Aim of the exercise: The output has to be the full set of records, reproduced exactly, minus any picture.

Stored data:
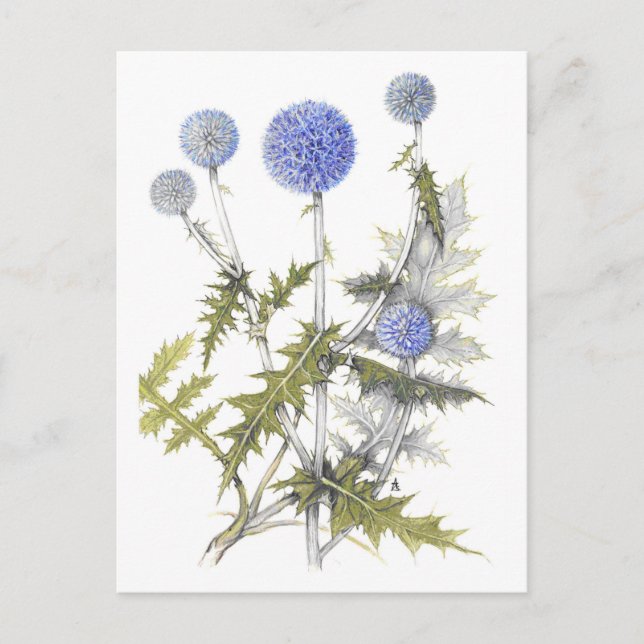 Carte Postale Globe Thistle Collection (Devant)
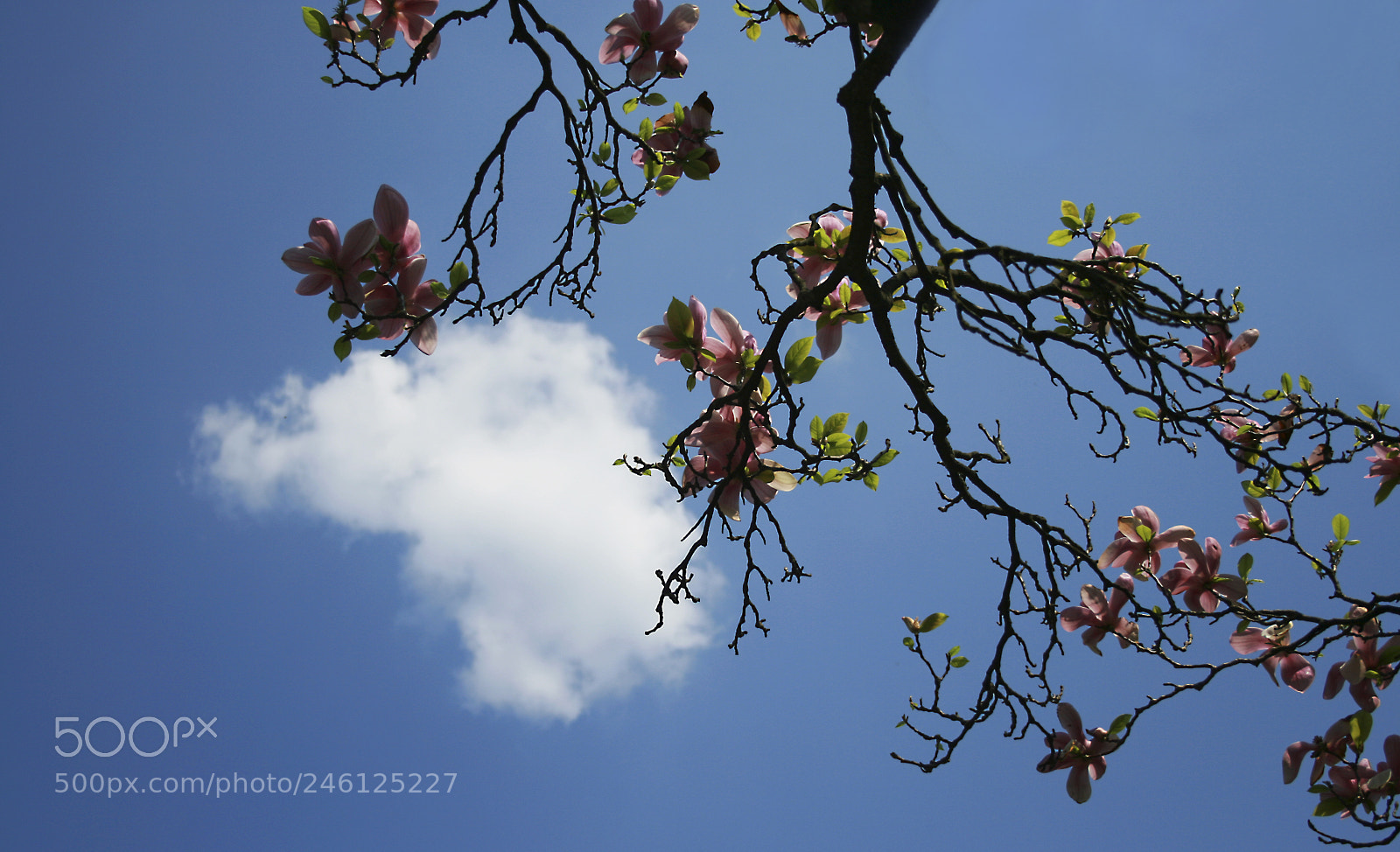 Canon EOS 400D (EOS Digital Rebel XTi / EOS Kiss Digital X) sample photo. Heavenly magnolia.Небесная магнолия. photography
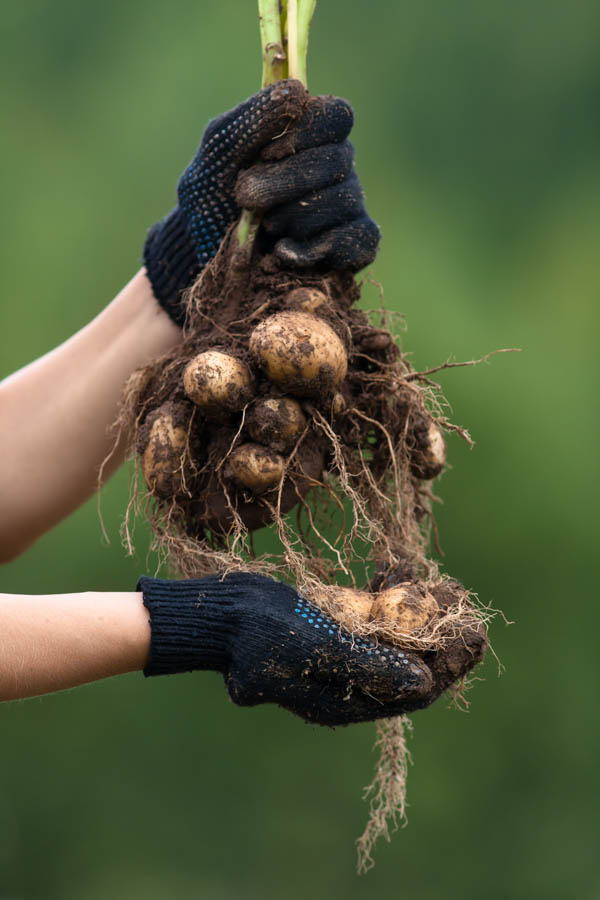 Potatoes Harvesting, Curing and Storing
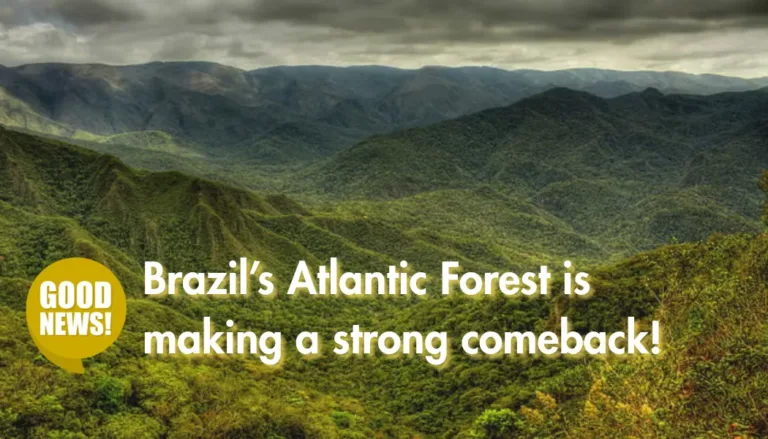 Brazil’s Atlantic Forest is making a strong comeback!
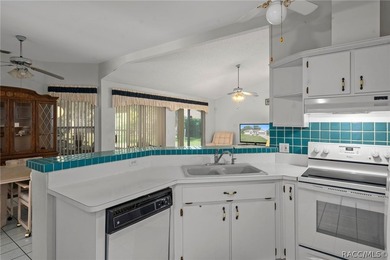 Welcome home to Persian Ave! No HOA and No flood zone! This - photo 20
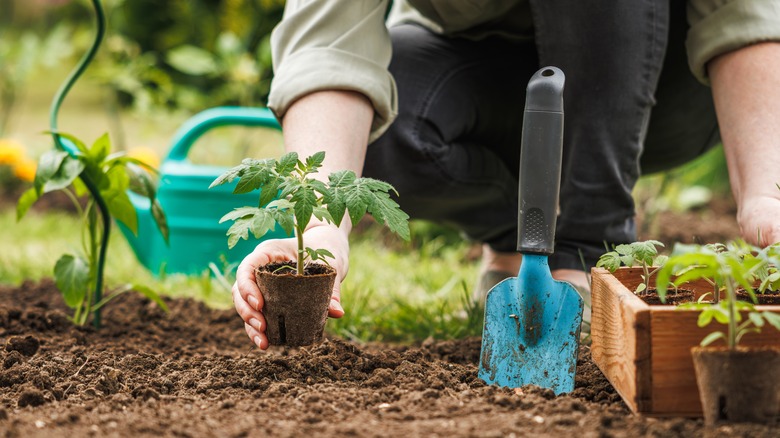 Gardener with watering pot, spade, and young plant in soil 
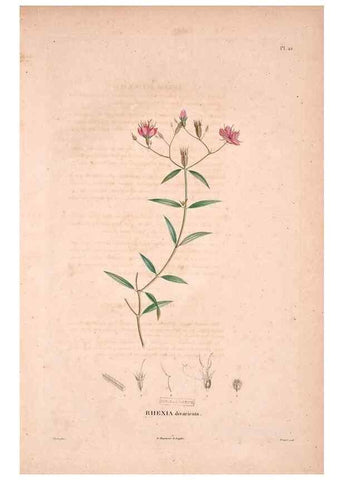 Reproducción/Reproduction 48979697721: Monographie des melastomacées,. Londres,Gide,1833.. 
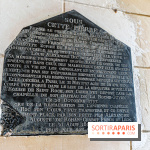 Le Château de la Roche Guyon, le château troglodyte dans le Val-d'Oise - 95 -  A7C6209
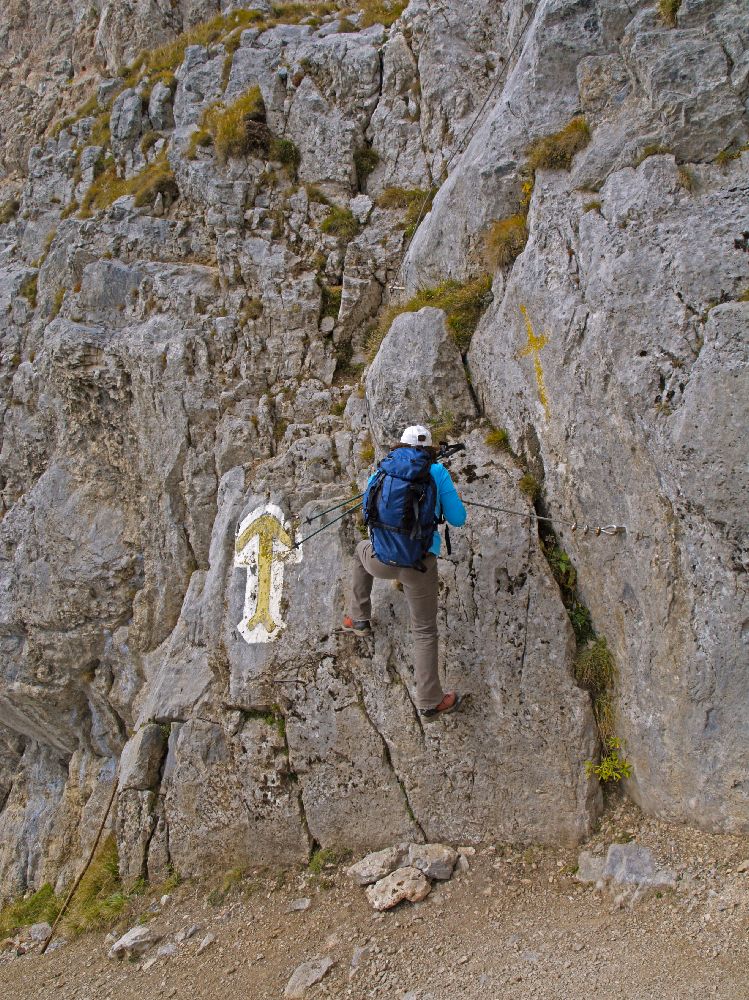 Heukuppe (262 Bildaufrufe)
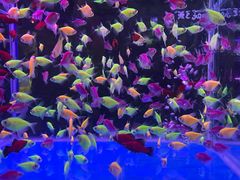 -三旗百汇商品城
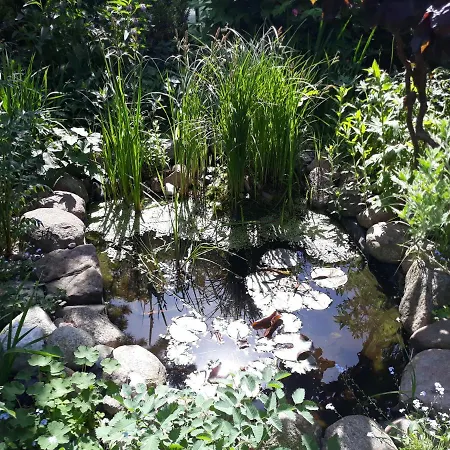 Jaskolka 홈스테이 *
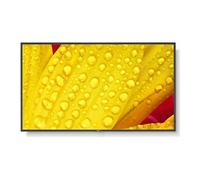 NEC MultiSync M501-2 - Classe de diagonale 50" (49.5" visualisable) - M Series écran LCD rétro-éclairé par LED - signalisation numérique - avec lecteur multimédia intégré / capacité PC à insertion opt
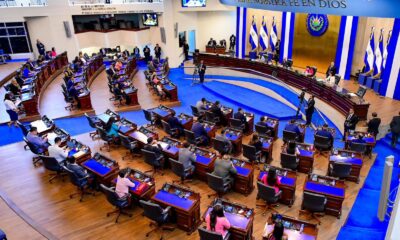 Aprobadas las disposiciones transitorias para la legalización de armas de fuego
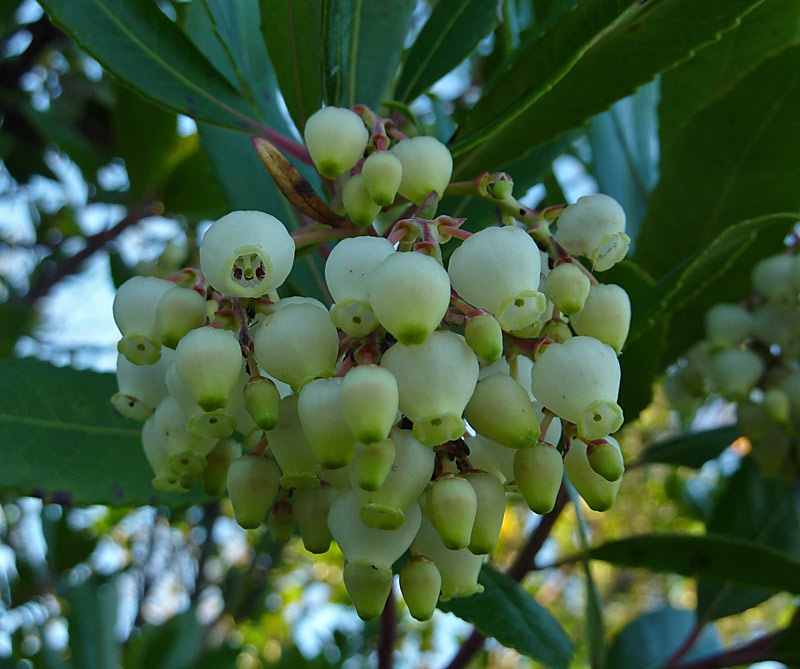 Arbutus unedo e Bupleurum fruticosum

Expected output:
 Carte Postale Globe Thistle Collection (Devant)
 Canon EOS 400D (EOS Digital Rebel XTi / EOS Kiss Digital X) sample photo. Heavenly magnolia.Небесная магнолия. photography
 Potatoes Harvesting, Curing and Storing
 Brazil’s Atlantic Forest is making a strong comeback!
 Welcome home to Persian Ave! No HOA and No flood zone! This - photo 20
 Gardener with watering pot, spade, and young plant in soil 
 Reproducción/Reproduction 48979697721: Monographie des melastomacées,. Londres,Gide,1833.. 
 Le Château de la Roche Guyon, le château troglodyte dans le Val-d'Oise - 95 -  A7C6209
 Heukuppe (262 Bildaufrufe)
 -三旗百汇商品城
 Jaskolka 홈스테이 *
 NEC MultiSync M501-2 - Classe de diagonale 50" (49.5" visualisable) - M Series écran LCD rétro-éclairé par LED - signalisation numérique - avec lecteur multimédia intégré / capacité PC à insertion opt
 Aprobadas las disposiciones transitorias para la legalización de armas de fuego
 Arbutus unedo e Bupleurum fruticosum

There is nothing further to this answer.